## Exercise - cluster your data

Clustering as a technique is greatly aided by proper visualization, so let's get started by visualizing our music data file. This exercise will help us decide which of the methods of clustering we should most effectively use for the nature of this data.

1. Open the Mdoule_6_lab_student.ipynb notebook file provided by your professor.

2. Import the Seaborn package for good data visualization.

> > !pip install seaborn

3. Open the song data from nigerian-songs.csv (Provided by your professor - you may need to adjust the folder of the file location). Load up a dataframe with some data about the songs. Get ready to explore this data by importing the libraries and dumping out the data:

In [None]:
# Load libraries

import matplotlib.pyplot as plt
import pandas as pd

df = pd.read_csv("../data/nigerian-songs.csv")
df.head()

# Check the first few lines of data:

4. Get some information about the dataframe, calling info():

In [None]:
df.info()

#The output looking like so:

5. Double-check for null values, by calling isnull() and verifying the sum being 0:

In [None]:
df.isnull().sum()

6. Describe the data:

In [None]:
df.describe()

🤔 If we are working with clustering, an unsupervised method that does not require labeled data, why are we showing this data with labels?

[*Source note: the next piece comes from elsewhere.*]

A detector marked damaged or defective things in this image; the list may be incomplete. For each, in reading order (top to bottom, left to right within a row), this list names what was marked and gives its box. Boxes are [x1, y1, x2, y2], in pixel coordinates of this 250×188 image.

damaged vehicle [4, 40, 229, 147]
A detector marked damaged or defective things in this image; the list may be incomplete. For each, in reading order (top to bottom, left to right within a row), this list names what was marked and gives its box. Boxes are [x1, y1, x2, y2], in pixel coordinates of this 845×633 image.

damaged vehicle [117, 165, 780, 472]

In the data exploration phase, they come in handy, but they are not necessary for the clustering algorithms to work. You could just as well remove the column headers and refer to the data by column number.

Look at the general values of the data. Note that popularity can be '0', which show songs that have no ranking. Let's remove those shortly.

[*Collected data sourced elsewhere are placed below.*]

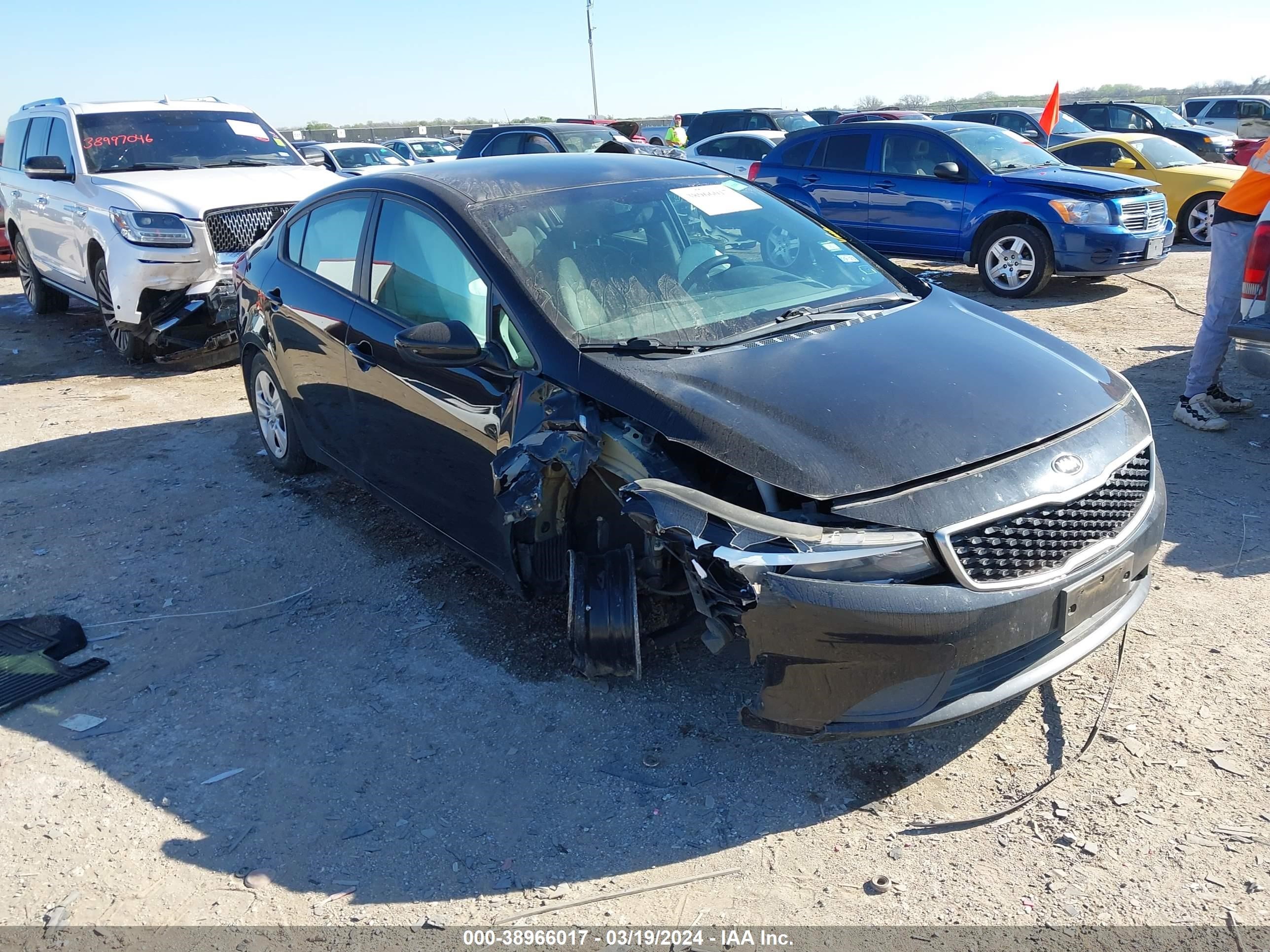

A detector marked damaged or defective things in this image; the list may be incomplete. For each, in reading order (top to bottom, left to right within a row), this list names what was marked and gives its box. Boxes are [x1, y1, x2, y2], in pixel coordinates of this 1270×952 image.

shattered windshield [77, 110, 302, 173]
bent hood [89, 168, 339, 222]
shattered windshield [471, 177, 907, 349]
bent hood [1006, 166, 1160, 197]
damaged black sedan [233, 155, 1167, 737]
bent hood [580, 288, 1128, 499]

1. Use a barplot to find out the most popular genres:

In [None]:
import seaborn as sns

top = df['artist_top_genre'].value_counts()
plt.figure(figsize=(10,7))
sns.barplot(x=top[:5].index,y=top[:5].values)
plt.xticks(rotation=45)
plt.title('Top genres',color = 'blue')

✅ If you'd like to see more top values, change the top [:5] to a bigger value, or remove it to see all.

Note, when the top genre is described as 'Missing', that means that Spotify did not classify it, so let's get rid of it.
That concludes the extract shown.